CATE DUNLAP

    CATE DUNLAP

    ❦ | sneak & greet ౨ৎ ‧₊˚

    CATE DUNLAP
    c.ai

    Cate had done a lot of questionable things in her life. Slipping past Vought Con security using a trail of well-placed suggestions? Not even cracking the top ten.

    The place was a zoo. Wall-to-wall bodies, half of them in cosplay, the other half barely containing their rabid fan energy. Cameras flashed like strobes, signs waved overhead, and someone was already sobbing over an autograph. It was chaos in a branded shell but Cate moved through it like a ghost.

    Rules had always been more like…polite suggestions for her. Especially when her voice could turn no into yes with a simple touch and a nudge of intent. One little graze against a security guard’s wrist and boom, suddenly she’s slipping behind the velvet rope like she belongs there.

    Backstage was thankfully quieter. Cate smoothed down her skirt and adjusted the stolen press badge that hung from her neck, her heart thrumming so violently she half-expected it to claw straight out of her chest. She was shaking, but she didn’t dare let it show.

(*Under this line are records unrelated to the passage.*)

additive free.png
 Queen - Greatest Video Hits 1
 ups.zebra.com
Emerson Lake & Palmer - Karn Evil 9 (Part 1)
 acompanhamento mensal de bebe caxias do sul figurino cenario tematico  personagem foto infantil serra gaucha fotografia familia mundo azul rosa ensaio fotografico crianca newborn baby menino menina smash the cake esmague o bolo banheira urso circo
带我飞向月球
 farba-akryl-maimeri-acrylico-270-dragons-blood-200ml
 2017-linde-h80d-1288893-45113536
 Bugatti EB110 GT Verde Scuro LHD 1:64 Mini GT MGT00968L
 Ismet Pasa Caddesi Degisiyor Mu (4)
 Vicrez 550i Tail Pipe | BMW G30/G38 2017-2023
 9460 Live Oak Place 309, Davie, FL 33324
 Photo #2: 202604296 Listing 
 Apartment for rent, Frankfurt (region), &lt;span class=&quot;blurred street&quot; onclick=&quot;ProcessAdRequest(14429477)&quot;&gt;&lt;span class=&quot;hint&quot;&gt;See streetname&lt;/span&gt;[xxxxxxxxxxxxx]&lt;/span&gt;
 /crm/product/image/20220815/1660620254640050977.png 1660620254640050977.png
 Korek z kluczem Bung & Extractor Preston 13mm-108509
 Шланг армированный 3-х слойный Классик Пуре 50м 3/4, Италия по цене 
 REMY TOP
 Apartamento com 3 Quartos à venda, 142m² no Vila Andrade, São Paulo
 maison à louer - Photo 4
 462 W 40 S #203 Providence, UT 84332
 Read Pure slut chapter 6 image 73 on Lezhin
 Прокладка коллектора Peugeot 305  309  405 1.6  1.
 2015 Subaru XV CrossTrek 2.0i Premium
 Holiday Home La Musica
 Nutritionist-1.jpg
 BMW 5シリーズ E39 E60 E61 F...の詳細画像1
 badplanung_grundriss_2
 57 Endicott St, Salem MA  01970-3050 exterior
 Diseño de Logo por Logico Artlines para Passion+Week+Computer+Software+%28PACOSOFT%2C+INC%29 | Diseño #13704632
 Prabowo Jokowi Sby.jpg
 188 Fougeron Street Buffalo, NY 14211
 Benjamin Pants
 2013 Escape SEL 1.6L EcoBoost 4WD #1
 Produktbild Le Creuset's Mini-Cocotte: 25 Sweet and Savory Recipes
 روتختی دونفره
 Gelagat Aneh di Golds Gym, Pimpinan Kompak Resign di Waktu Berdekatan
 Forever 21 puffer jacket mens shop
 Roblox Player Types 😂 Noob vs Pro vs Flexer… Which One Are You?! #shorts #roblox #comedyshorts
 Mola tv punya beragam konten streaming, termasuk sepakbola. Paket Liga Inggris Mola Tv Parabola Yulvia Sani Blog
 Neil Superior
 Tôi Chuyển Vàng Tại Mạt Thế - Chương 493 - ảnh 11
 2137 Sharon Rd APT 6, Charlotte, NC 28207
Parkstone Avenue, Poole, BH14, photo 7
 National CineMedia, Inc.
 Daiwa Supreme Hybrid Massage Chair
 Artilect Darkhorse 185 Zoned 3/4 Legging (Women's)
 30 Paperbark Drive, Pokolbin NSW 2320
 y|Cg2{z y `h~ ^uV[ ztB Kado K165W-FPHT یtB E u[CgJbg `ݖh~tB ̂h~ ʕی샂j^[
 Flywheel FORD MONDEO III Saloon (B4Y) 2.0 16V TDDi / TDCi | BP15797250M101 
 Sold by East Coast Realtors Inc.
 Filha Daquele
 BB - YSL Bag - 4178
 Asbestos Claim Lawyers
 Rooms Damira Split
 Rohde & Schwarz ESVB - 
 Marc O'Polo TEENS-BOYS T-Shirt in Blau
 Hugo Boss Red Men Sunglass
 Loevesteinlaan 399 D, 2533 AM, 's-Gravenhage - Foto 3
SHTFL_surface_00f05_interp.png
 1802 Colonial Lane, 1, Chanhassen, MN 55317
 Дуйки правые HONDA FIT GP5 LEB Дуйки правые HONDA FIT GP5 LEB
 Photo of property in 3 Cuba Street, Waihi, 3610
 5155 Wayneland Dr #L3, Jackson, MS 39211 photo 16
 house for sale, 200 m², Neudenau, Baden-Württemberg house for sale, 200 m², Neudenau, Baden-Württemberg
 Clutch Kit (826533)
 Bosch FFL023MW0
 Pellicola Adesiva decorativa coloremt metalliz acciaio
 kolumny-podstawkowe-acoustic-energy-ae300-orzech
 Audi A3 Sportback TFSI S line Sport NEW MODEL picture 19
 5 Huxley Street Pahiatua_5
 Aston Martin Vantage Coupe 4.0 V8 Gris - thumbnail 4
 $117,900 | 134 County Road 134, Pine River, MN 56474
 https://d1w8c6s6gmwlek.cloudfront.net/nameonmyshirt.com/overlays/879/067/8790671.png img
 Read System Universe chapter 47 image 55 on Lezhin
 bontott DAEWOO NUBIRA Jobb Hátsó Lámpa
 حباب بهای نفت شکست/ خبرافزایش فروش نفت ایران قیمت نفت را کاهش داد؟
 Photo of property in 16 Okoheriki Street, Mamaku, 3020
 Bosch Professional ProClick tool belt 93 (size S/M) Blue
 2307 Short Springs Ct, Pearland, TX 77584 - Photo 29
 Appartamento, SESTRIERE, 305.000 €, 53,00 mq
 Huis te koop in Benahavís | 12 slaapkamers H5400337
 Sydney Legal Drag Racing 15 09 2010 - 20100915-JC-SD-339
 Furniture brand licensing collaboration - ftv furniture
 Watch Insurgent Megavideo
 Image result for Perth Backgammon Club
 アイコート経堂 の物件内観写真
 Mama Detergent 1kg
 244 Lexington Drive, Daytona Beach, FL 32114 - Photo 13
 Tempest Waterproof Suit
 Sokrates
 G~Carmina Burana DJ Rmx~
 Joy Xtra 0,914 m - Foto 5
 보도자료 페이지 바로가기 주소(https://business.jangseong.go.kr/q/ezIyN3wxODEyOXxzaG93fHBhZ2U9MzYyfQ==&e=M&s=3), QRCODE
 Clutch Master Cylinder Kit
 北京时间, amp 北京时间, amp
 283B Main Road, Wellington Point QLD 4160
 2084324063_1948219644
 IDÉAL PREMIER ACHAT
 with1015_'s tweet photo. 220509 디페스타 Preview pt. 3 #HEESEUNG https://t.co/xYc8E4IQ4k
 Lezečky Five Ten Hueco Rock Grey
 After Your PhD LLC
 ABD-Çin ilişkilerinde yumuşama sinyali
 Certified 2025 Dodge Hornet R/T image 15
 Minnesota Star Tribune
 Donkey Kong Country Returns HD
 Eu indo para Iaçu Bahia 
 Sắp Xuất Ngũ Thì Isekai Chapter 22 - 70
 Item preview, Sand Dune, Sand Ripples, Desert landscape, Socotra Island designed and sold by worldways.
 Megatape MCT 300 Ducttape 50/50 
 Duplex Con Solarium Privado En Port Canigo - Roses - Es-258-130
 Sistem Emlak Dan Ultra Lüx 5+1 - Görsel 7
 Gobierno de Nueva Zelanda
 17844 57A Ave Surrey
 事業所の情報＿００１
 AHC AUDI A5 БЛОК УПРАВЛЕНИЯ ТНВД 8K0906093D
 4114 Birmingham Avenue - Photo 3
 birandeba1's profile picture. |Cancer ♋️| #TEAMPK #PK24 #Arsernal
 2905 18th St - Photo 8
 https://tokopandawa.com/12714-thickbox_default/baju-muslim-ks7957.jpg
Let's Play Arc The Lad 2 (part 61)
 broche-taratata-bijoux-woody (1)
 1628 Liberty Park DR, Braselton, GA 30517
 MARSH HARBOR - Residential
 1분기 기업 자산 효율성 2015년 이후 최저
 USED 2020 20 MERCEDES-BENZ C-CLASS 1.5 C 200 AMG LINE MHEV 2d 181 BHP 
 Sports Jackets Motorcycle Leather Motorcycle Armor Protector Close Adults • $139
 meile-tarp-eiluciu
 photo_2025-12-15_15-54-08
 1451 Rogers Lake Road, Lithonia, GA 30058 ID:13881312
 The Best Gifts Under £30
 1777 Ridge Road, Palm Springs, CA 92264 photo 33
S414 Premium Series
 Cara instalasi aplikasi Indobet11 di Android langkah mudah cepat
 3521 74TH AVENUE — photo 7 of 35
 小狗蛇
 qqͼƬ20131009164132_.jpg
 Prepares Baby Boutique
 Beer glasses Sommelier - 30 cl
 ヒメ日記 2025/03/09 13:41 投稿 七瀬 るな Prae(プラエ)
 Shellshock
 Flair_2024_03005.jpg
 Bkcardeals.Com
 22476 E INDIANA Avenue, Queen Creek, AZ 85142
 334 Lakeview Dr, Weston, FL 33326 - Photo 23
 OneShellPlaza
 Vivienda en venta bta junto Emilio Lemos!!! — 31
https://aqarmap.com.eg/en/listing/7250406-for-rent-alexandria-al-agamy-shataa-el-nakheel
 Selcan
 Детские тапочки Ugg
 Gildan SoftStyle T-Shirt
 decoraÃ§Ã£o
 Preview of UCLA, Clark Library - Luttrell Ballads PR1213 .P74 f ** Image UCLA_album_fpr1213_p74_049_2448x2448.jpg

    Because twenty feet away—closer than ever—was her.

    {{user}}. The girl Cate had been in love with since before she even understood what that word meant. Posters covering her walls, a voice she knew by heart, the superhuman pulse of punk rock cool that rewired Cate’s entire teenage brain.

    She’d seen every movie. Watched every panel. Followed every promo tour. Ran an update slash fan account. Studied every interview like scripture as if she was prepping for finals in {{user}}-ology 101. She’d learned the way {{user}} smiled when she was nervous, the way she scratched behind her ear when bored. This wasn’t just admiration—it was years of devotion, scraped together in the dark when Cate’s world had felt impossibly small.

    And now? That devotion stood in front of her as if she’d been conjured straight out of Cate’s daydreams. {{user}} looked like she belonged on a poster—but better. Realer. And Cate’s brain had completely forgotten how to work.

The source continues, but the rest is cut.